=== Begin Enclosure ===
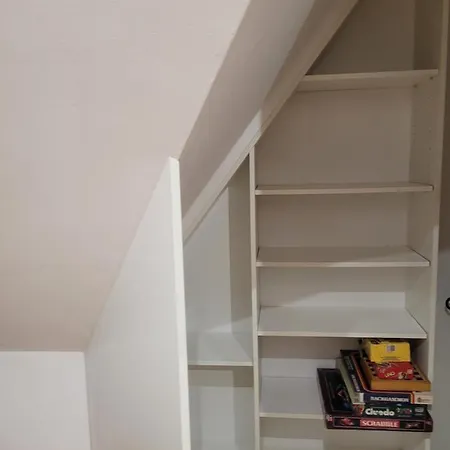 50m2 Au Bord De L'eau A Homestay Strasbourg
=== End Enclosure ===
=== Begin Enclosure ===
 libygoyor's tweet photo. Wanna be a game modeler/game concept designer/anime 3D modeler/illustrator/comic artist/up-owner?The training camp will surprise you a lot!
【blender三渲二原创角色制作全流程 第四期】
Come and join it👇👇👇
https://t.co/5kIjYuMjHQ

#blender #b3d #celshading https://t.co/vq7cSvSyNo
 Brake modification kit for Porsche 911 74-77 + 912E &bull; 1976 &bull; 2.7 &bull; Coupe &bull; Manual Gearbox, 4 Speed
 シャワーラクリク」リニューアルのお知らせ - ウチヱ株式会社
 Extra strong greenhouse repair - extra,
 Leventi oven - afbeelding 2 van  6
=== End Enclosure ===
=== Begin Enclosure ===
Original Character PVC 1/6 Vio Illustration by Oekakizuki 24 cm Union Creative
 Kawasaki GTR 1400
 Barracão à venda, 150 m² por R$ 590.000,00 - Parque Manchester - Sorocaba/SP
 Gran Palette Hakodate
=== End Enclosure ===
INSTRUCTIONS TO FOLLOW =>
Check each line above for the word "https" and copy every line that has it.

ANSWER TO THE PROBLEM =>
https://t.co/5kIjYuMjHQ
#blender #b3d #celshading https://t.co/vq7cSvSyNo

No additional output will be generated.